Rescuers search for survivors and bodies near a cargo vessel, which collided with a ferry on Friday, in Talisay, Cebu, August 17, 2013.
Rescuers search for survivors and bodies near a cargo vessel, which collided with a ferry on Friday, in Talisay, Cebu, August 17, 2013.
Divers are searching for more than 200 people missing in the central Philippines after a passenger ferry collided with a cargo ship Friday night and quickly sank off the coast of Cebu province.

At least 28 people are known dead, with an unknown number believed to be trapped in the ferry more than 30 meters under water.

Coast Guard spokesman Armand Balilo says the Coast Guard along with fisherman and people in other small boats were able to pull more than 600 people out of the water alive in the late night darkness.

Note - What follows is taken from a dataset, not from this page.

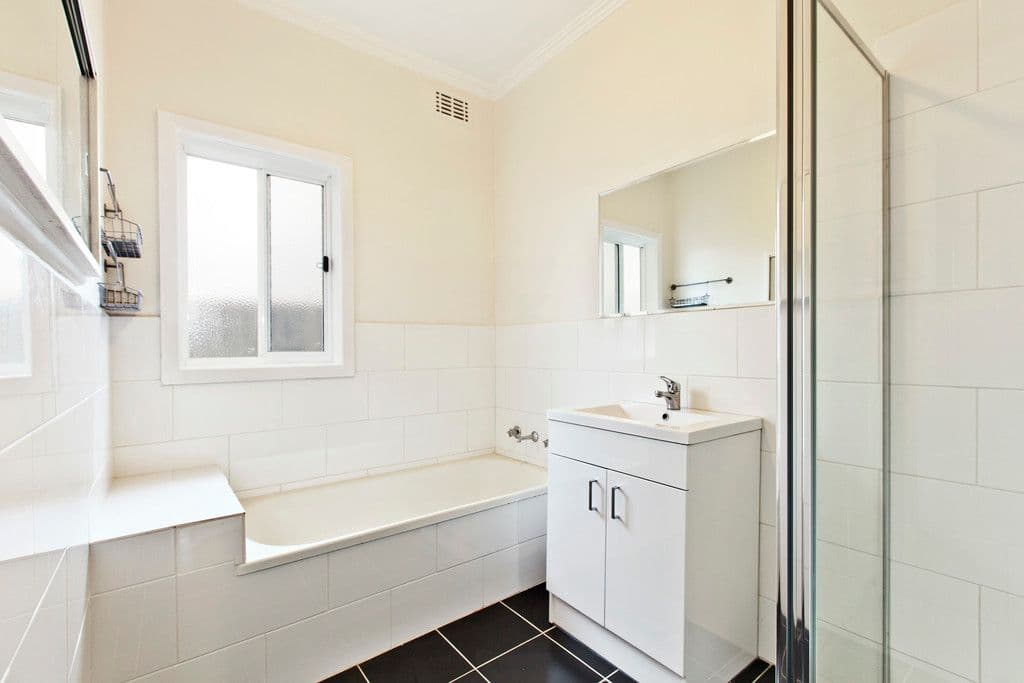 40 Beverin Street, Sebastopol VIC 3356, Sebastopol - Thumbnail 7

"Additional two bodies were found inside the ship," he said. "Actually, our divers have recovered four from the vessel during our diving operations. We are still searching for the 213 still missing and unaccounted. As of now, 629 passengers."

The ferry St. Thomas Aquinas was filled with 870 passengers and crew when it collided with the 11,000-ton freighter Sulpico Express 7 near Cebu City. The ferry sank within a half hour after the captain told those on board to abandon the vessel. Many people were able to strap on life jackets and jump into the dark sea.

The passengers included scores of children and babies.

Hundreds of people die each year in ferry accidents in the Philippines - a 7,100-island archipelago with a notoriously poor record for maritime safety.

In the world's worst peacetime sea disaster, 4,375 passengers and crew aboard the ferry Dona Paz died in December 1987, after the vessel collided with a freighter in the Sibuyan Sea. Twenty-six people survived.